### Problem to work on
Reproduce every line below exactly as written; do not include the images.

### Supplied material
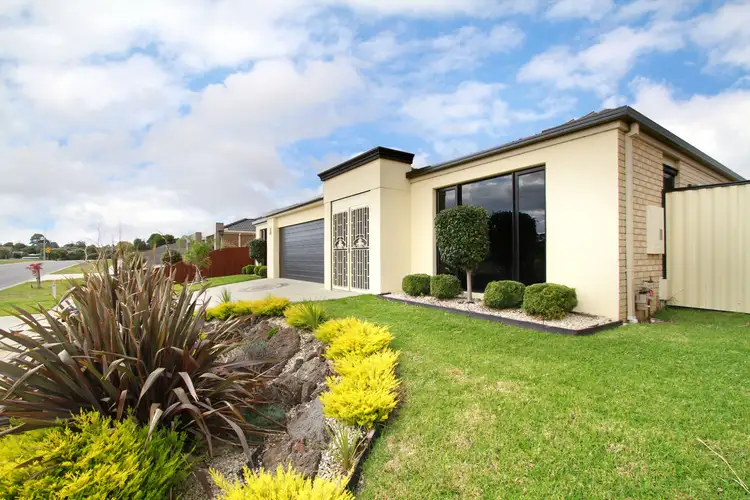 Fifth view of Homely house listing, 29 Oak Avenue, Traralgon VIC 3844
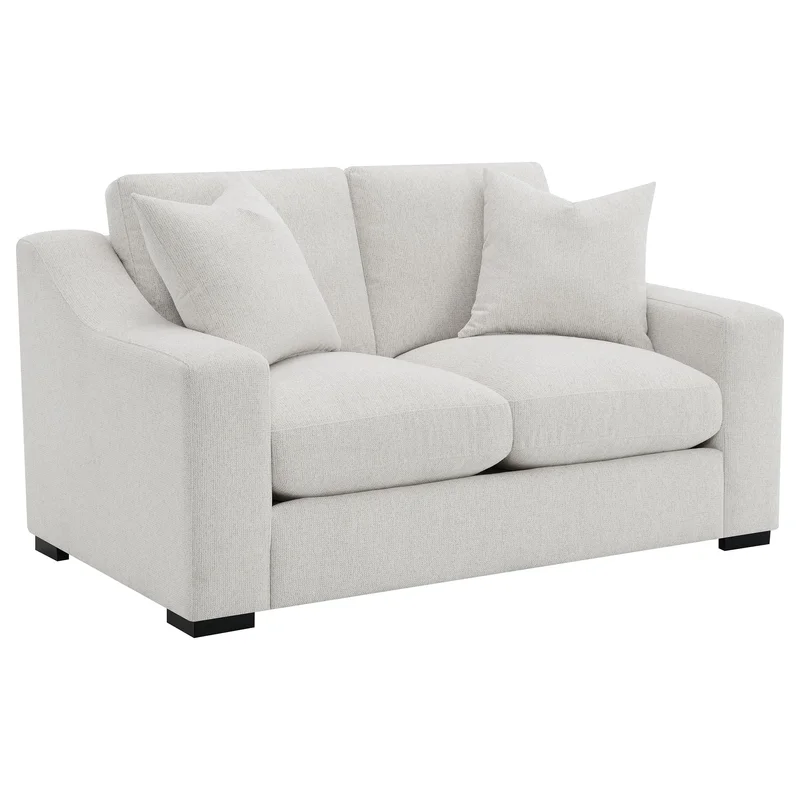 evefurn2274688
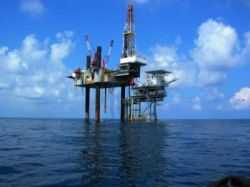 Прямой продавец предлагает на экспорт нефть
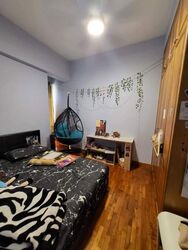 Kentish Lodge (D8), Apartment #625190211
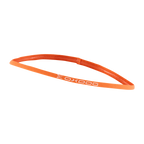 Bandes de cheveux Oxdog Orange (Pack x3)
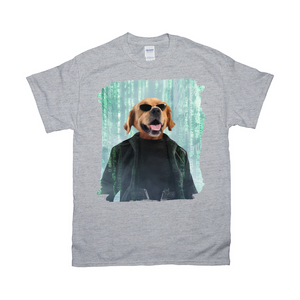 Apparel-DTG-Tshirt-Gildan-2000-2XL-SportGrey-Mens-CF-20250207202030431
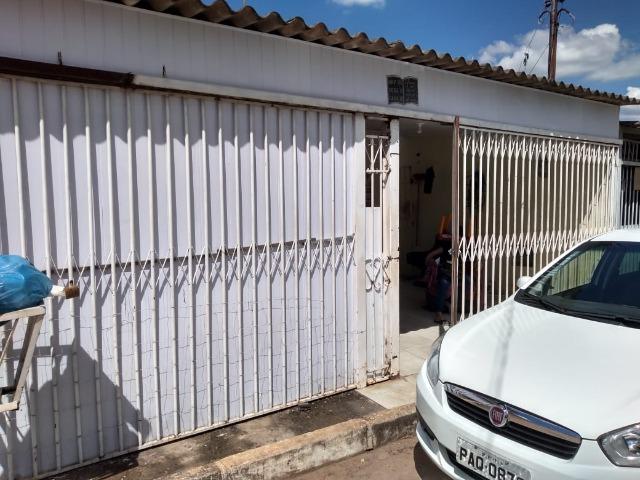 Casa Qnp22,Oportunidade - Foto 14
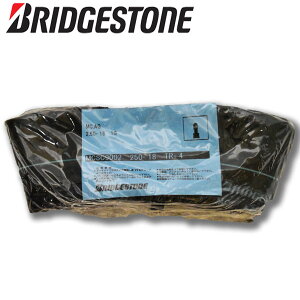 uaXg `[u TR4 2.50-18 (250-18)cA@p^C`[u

### Exercise response
 Fifth view of Homely house listing, 29 Oak Avenue, Traralgon VIC 3844
 evefurn2274688
 Прямой продавец предлагает на экспорт нефть
 Kentish Lodge (D8), Apartment #625190211
 Bandes de cheveux Oxdog Orange (Pack x3)
 Apparel-DTG-Tshirt-Gildan-2000-2XL-SportGrey-Mens-CF-20250207202030431
 Casa Qnp22,Oportunidade - Foto 14
 uaXg `[u TR4 2.50-18 (250-18)cA@p^C`[u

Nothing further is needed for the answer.